(What you need to do): Quote exactly the lines spanning from the top of the data below to the line that contains "Axyaa 4 Tier", including both.

[Excerpts from a dataset]
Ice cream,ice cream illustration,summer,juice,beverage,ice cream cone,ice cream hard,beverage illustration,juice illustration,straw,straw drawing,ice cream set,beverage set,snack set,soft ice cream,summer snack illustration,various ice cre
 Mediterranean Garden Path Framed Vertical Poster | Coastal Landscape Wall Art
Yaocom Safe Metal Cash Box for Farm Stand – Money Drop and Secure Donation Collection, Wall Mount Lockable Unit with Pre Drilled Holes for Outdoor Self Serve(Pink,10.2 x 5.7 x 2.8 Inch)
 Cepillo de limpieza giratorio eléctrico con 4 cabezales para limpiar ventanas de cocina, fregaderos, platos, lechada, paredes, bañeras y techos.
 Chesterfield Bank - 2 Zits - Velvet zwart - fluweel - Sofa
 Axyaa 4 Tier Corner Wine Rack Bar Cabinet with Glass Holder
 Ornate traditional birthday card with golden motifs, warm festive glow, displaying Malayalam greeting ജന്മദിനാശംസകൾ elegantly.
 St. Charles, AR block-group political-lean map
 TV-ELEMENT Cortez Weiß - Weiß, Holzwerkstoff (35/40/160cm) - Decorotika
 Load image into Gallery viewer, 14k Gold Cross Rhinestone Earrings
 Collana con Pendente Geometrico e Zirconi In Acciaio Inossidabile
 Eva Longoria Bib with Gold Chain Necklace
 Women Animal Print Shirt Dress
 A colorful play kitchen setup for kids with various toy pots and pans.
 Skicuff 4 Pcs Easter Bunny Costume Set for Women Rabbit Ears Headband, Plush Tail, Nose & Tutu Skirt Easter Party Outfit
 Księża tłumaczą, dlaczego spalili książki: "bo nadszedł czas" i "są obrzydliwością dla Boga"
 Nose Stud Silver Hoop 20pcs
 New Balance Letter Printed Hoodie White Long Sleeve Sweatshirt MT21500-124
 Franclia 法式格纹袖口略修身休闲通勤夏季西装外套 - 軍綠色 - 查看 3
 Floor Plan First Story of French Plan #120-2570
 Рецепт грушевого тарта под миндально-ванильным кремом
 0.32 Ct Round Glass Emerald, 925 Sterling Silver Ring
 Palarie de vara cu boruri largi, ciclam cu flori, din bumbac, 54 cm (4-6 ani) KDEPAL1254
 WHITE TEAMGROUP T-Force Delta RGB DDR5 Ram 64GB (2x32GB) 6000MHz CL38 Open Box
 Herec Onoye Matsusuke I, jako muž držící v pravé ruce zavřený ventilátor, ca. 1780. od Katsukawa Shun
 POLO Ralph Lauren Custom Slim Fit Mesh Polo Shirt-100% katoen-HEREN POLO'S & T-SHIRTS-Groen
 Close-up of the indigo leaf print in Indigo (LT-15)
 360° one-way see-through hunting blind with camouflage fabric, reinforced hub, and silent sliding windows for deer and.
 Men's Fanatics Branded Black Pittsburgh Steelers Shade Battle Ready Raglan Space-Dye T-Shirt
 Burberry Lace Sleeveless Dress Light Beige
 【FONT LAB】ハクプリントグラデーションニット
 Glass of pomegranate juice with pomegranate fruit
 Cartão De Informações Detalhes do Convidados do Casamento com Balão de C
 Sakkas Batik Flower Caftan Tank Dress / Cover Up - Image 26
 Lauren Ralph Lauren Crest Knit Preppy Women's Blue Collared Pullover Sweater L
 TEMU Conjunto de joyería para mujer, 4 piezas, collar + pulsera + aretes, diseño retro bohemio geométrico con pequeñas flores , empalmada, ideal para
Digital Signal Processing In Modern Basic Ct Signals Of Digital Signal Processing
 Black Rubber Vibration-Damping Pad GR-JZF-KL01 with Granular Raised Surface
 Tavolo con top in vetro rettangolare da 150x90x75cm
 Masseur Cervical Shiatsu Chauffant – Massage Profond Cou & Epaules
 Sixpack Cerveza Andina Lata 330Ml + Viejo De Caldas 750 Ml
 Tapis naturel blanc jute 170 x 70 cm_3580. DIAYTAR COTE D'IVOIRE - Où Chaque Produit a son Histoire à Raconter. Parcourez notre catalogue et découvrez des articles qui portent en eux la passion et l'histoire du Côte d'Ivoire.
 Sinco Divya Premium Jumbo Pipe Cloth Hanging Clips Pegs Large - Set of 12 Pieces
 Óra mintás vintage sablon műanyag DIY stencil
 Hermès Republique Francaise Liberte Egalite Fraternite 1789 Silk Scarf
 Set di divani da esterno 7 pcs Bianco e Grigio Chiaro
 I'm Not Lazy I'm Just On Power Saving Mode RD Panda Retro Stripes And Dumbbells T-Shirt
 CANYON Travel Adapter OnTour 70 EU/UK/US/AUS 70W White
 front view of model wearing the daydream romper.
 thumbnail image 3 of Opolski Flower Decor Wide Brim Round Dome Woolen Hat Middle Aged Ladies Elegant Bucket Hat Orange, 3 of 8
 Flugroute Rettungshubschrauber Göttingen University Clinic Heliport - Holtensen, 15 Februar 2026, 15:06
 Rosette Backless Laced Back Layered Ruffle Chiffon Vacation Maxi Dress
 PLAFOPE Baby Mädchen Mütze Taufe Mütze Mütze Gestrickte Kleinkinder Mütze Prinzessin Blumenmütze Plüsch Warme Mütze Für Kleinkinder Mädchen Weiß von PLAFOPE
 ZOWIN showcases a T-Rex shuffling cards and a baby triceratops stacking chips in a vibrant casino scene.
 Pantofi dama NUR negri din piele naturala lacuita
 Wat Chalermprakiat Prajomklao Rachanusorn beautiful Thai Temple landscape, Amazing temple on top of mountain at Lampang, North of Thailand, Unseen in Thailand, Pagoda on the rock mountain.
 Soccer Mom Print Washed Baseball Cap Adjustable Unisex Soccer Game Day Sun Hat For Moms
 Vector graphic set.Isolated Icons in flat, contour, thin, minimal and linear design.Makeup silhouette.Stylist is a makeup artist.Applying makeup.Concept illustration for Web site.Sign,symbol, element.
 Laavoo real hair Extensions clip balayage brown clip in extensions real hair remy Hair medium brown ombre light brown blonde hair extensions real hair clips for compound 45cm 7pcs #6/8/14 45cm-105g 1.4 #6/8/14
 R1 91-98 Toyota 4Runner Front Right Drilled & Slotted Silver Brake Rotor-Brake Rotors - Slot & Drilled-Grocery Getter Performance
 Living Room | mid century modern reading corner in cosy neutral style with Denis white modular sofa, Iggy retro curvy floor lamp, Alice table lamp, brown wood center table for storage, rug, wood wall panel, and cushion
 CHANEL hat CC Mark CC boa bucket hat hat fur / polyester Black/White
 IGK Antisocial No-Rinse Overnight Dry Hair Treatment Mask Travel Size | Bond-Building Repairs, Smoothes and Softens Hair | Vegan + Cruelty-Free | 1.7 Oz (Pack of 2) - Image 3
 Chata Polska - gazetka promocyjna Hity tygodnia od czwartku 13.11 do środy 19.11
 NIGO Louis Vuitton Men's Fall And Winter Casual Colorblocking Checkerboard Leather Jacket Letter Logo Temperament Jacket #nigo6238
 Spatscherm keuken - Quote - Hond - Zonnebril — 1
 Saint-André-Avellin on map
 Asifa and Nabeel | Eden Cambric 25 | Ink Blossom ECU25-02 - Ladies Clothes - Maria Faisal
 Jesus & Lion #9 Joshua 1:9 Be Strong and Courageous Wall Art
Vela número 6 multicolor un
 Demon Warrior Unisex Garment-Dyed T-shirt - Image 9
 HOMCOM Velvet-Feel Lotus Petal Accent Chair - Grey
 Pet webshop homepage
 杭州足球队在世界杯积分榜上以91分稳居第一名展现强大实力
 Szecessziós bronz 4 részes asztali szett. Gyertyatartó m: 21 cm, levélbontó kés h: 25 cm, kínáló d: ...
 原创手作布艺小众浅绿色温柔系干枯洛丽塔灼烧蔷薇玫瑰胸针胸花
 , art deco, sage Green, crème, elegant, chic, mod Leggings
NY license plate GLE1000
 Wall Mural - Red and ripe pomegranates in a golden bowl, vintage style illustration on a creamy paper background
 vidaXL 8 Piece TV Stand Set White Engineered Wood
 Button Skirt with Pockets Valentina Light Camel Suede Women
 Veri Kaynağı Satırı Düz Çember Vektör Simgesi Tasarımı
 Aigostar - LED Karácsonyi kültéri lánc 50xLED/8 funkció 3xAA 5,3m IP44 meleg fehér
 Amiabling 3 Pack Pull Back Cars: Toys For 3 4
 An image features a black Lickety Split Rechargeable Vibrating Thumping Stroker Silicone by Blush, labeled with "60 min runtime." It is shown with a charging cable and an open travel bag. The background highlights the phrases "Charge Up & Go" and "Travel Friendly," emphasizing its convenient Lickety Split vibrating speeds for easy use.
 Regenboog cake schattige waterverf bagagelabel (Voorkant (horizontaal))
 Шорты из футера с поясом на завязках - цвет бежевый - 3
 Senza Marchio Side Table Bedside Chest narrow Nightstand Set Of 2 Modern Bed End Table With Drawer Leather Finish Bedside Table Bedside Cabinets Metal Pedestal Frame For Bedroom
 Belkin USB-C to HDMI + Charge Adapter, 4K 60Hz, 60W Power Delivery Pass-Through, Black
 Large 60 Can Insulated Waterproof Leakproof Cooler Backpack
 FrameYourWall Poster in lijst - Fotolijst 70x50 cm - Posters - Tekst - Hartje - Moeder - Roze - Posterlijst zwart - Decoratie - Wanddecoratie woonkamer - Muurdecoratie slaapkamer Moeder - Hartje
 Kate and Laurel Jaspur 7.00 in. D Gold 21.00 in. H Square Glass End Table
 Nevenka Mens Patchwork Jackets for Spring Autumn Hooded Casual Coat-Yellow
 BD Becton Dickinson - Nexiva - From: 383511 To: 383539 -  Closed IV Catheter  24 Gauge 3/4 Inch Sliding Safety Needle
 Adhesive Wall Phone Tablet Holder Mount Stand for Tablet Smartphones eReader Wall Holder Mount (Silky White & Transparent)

(Task solution):
Ice cream,ice cream illustration,summer,juice,beverage,ice cream cone,ice cream hard,beverage illustration,juice illustration,straw,straw drawing,ice cream set,beverage set,snack set,soft ice cream,summer snack illustration,various ice cre
 Mediterranean Garden Path Framed Vertical Poster | Coastal Landscape Wall Art
Yaocom Safe Metal Cash Box for Farm Stand – Money Drop and Secure Donation Collection, Wall Mount Lockable Unit with Pre Drilled Holes for Outdoor Self Serve(Pink,10.2 x 5.7 x 2.8 Inch)
 Cepillo de limpieza giratorio eléctrico con 4 cabezales para limpiar ventanas de cocina, fregaderos, platos, lechada, paredes, bañeras y techos.
 Chesterfield Bank - 2 Zits - Velvet zwart - fluweel - Sofa
 Axyaa 4 Tier Corner Wine Rack Bar Cabinet with Glass Holder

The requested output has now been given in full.